Du darst
müssen.
Eine fettarme Glosse
Ich schlage das Editorial des „Frankfurt Journal“ auf und überfliege, was der Chefredakteur am Ende dieses Jahres zu sagen hat, was er als „große Erwartungen“ ankündigt. Er findet, dass sich das Journal mächtig verändert hat und sich „treu“ geblieben ist: „Restaurantkritiken, Rezensionen von Theateraufführungen, von Filmen und Büchern, dazu Interviews mit Politikern …“ Mann, möchte ich ihm sagen, das ist ja sowas von neu, dass ich gar nicht wissen möchte, wie das Ganze aussehen wird, wenn es im nächsten Jahr noch „neuer“ wird.
Aber dann reißt der Geduldsfaden. Der Chefredakteur lässt mich wissen:
„Dazu mischt sich auch immer Stolz (ein Deutscher zu sein, wollte ich schon voreilig den Satz enden lassen), in einer Stadt wie Frankfurt leben zu dürfen.“ (Nr. 26/2017)
Ich frage mich unerlaubt: Darf er wirklich in dieser Stadt leben? Wer hat ihm das erlaubt?
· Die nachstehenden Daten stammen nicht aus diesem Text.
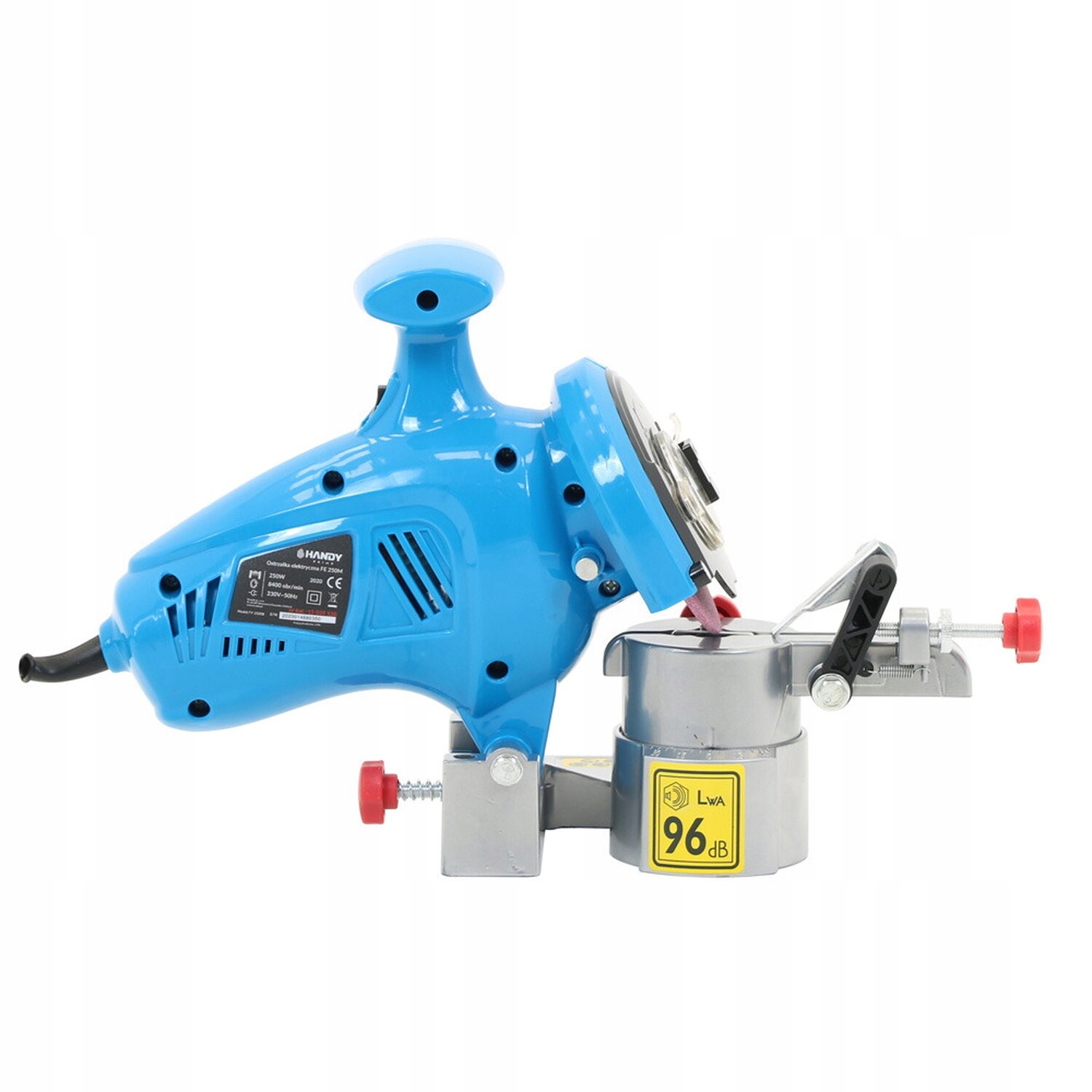 Ostrzałka elektryczna Handy Prime FE250M Marka Handy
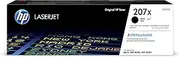 HP 207X W2210X High Capacity Black Original Toner for HP Color Laserjet Pro M255/M282/M283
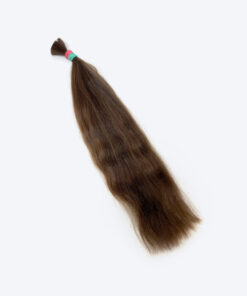 20 inches Virgin Slavic Hair Bundle, Color - 70 grams - Inessa Hair Store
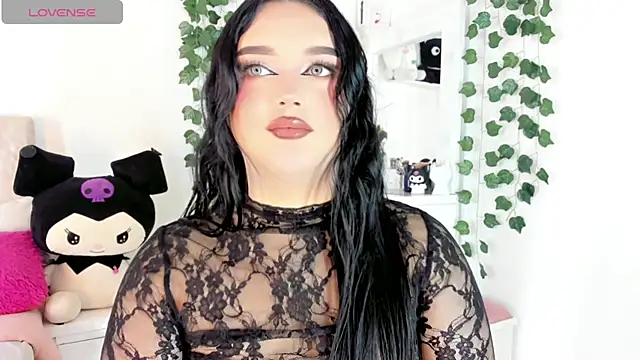 cattriona_muller Chat XXX in diretta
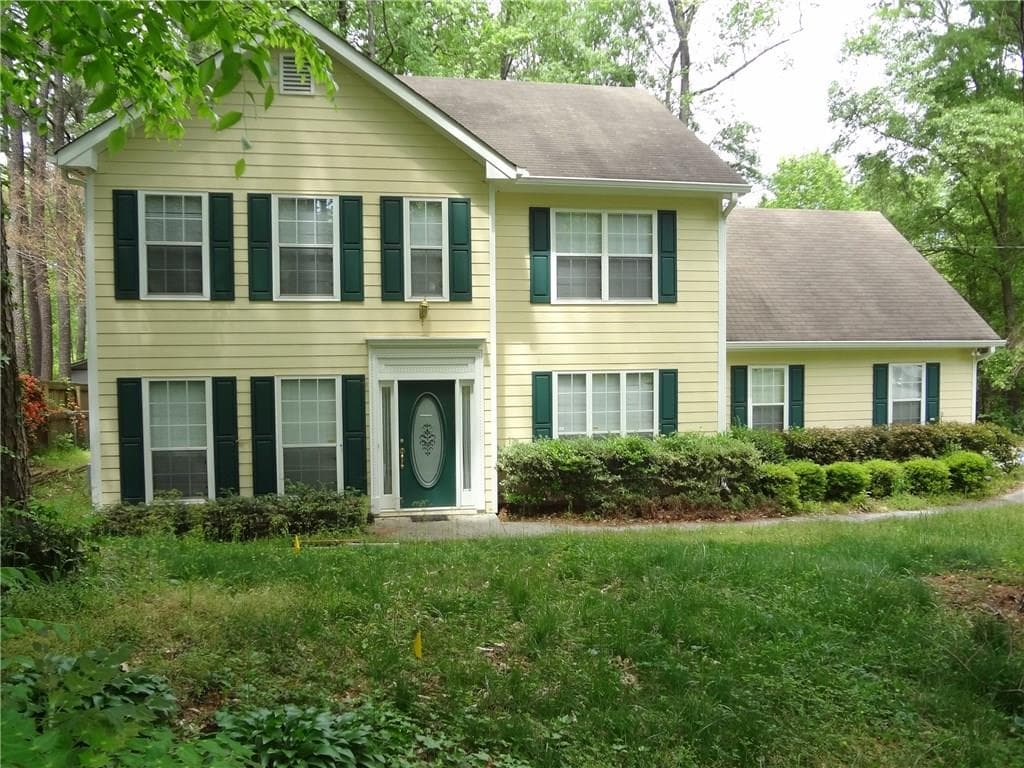 588 Cesarea Place, Lilburn, GA 30047 — most recent listing photo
Darf das ein Obdachloser auch?
Seit ein paar Jahren bekomme ich einen Allergieschock, wenn ich das Wort „dürfen“ hören darf.
Alle dürfen nur noch, was sie tun müssen, weil ihnen gar nichts anders übrigbleibt.
„Mein Name ist X, was darf ich für Sie tun“, sagt mir die Stimme X in einem x-beliebigen Callcenter.
„Was darf ich Ihnen bringen?“, fragt mich die Bedienung in einem Café.
Und natürlich auch der millionenschwere Popstar bedankt sich dafür, dass er hier, in der Talkshow, dabei sein darf.
Alle sind einfach nur noch dankbar, nicht nur die Nationalspieler der deutschen Nationalmannschaft, dass sie mitspielen dürfen, dem Land dienen dürfen oder weniger Geheimnisvollem.
Wenn alle nur noch dürfen, muss etwas Schreckliches passiert sein – im Kopf.